Differentiation through SDEs requires handling stochastic integrals and noise-dependent trajectories.

Diffusion Models

Modern generative diffusion models evolve data through noisy dynamics.

Forward diffusion adds noise:

$$ dx = -\frac{1}{2}\beta(t)x,dt + \sqrt{\beta(t)},dW_t. $$

Reverse diffusion learns to invert the stochastic process.

Training involves expectations over noisy trajectories and repeated stochastic sampling.

Probabilistic AD is fundamental to these systems.

Measure-Theoretic Issues

Differentiating probabilistic systems introduces mathematical subtleties.

Questions include:

Question Issue
can derivative move inside expectation? dominated convergence
does density exist? measure regularity
is estimator unbiased? interchange of limits
does variance exist? integrability

Many practical estimators rely on assumptions that may fail in heavy-tailed or discontinuous systems.

Stochastic Control Flow

Programs with random branching are especially difficult.

Example:

if sample(bernoulli(p)):
    y = f1(theta)
else:
    y = f2(theta)

The execution trace itself becomes stochastic.

The derivative depends on both:

Component Effect
branch probability score-function term
branch computation pathwise term

Hybrid estimators are often required.

Gradient Estimator Bias

Some estimators are unbiased:

$$ \mathbb{E}[\hat{g}] = \nabla_\theta L. $$

Others trade bias for lower variance.

A low-variance biased estimator may outperform a theoretically correct unbiased estimator in optimization.

This creates a central engineering tradeoff:

Goal Cost
unbiasedness high variance
low variance possible bias

Practical probabilistic learning often prefers stable optimization over exact gradient fidelity.

Probabilistic AD Systems

Modern systems combine:

Capability Purpose
reverse-mode AD deterministic differentiation
stochastic estimators random variables
trace graphs probabilistic execution
Monte Carlo sampling expectation approximation
symbolic density tracking log-likelihood computation

Examples include probabilistic programming frameworks and differentiable simulators.

Failure Modes

Probabilistic differentiation introduces many instability sources.

High variance

Gradient estimates may fluctuate wildly.

Rare-event instability

Extreme samples dominate gradients.

Discontinuous sampling

Discrete variables create undefined pathwise derivatives.

Monte Carlo noise

Optimization may become noisy or biased.

Numerical underflow

Tiny probabilities destabilize log-likelihoods.

Correlated randomness

Dependent samples complicate variance analysis.

These issues often dominate runtime behavior.

Conceptual Shift

Classical AD differentiates functions.

Probabilistic AD differentiates distributions, expectations, and stochastic processes.

The chain rule alone is no longer sufficient.
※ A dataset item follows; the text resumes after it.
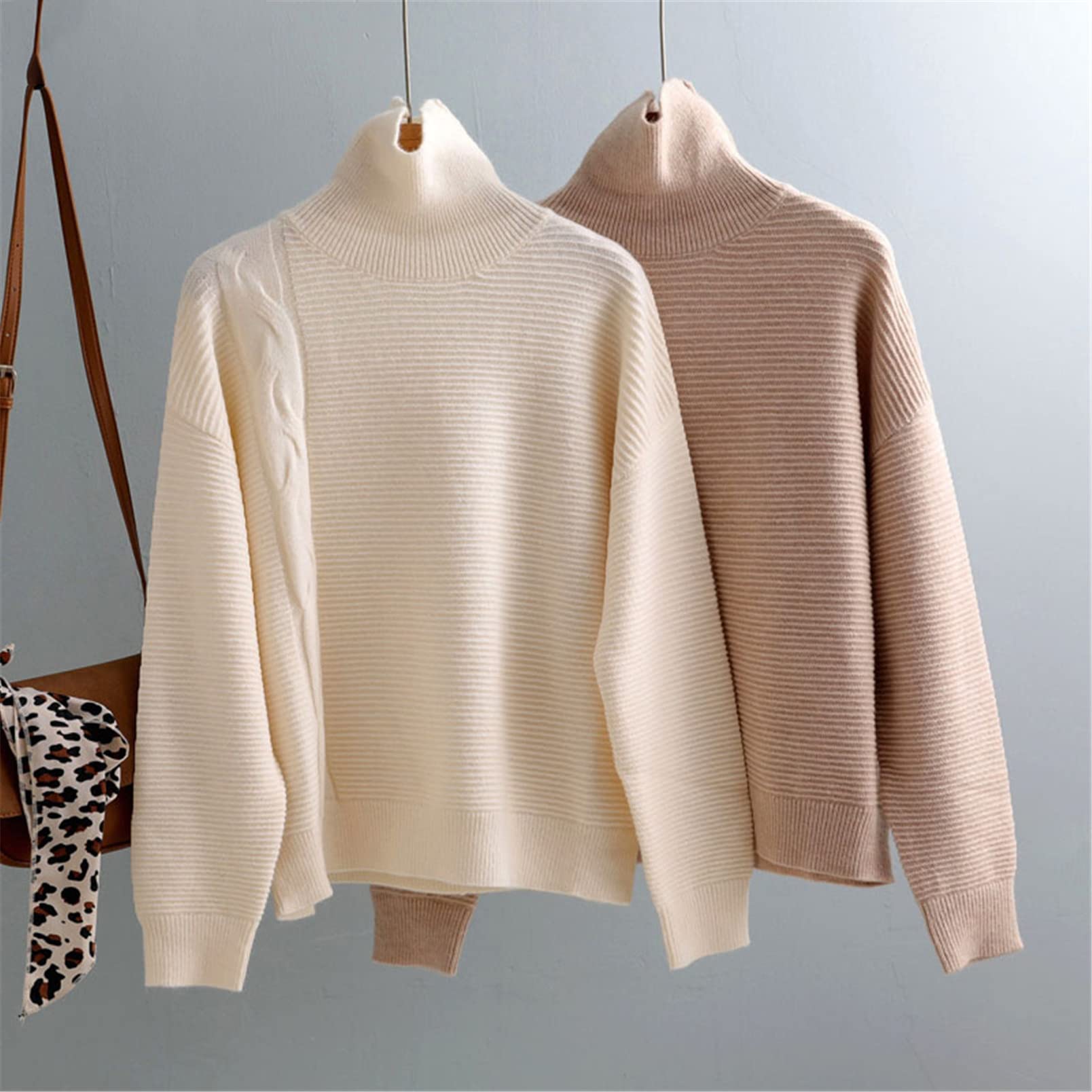 Kobiety golf oversize kaszmirowy sweter swetry damskie luźne skręcone długie rękawy dzianinowe swetry top, Czerwony, Rozmiar uniwersalny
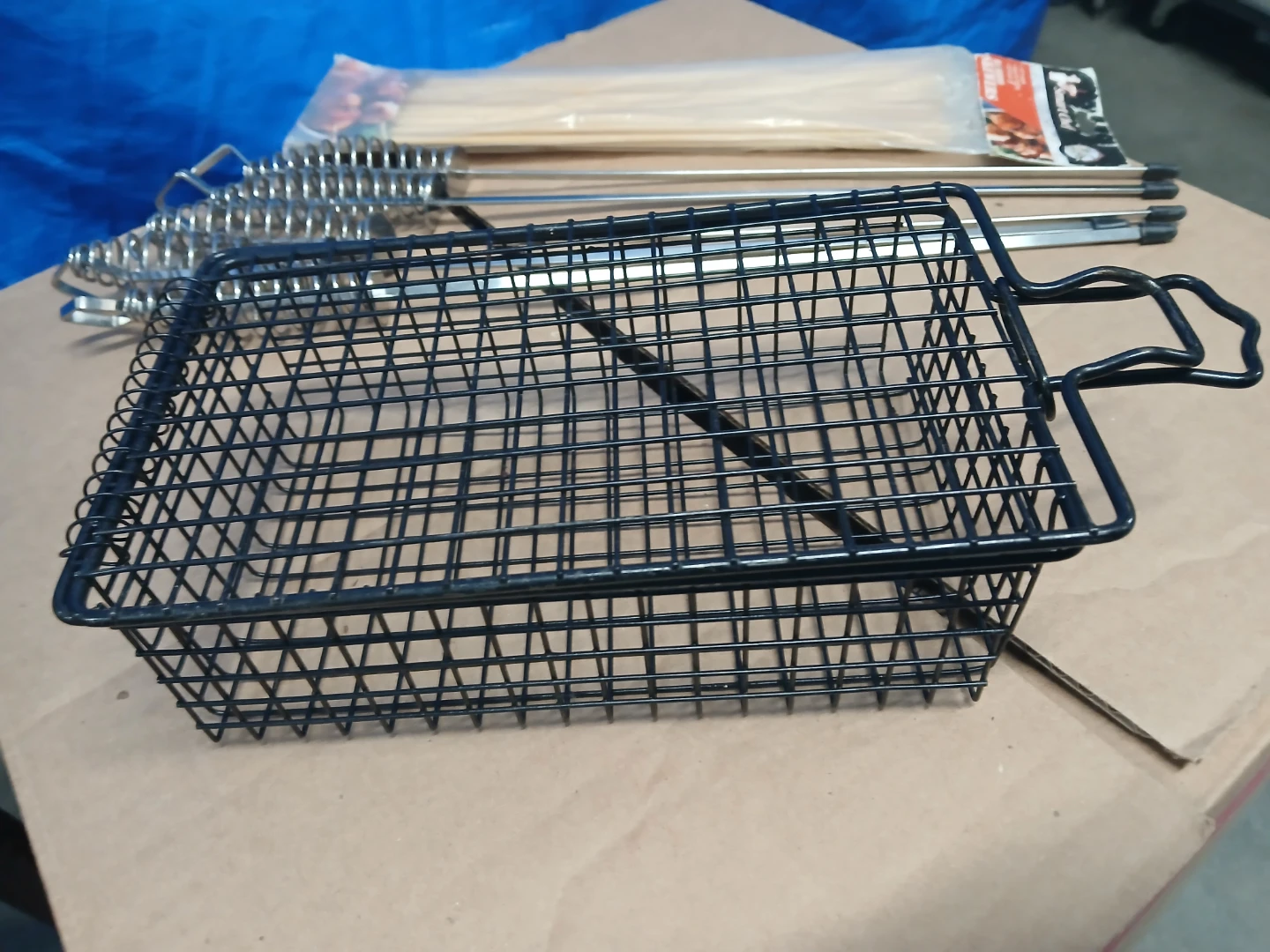 Grill Tool Set with Basket, Skewers, and Brush - photo 5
Gradient estimation becomes a statistical problem as well as a computational one.

This changes the meaning of differentiation itself.

Instead of asking:

$$ \frac{dy}{d\theta}, $$

we ask:

$$ \nabla_\theta \mathbb{E}[y]. $$

The derivative becomes an expectation over random trajectories.

Summary

Probabilistic automatic differentiation extends AD into stochastic systems.

Differentiation may occur through expectations, random variables, Monte Carlo estimators, stochastic differential equations, or probabilistic programs.

The two dominant techniques are:

Method Core idea
score-function estimators differentiate probabilities
reparameterization estimators differentiate sampled paths

These methods make modern probabilistic machine learning practical, including variational inference, stochastic simulation, diffusion models, and probabilistic programming.

The central challenge is no longer only correctness of the chain rule. It is managing variance, bias, stochasticity, and numerical stability while preserving useful gradients through random computation.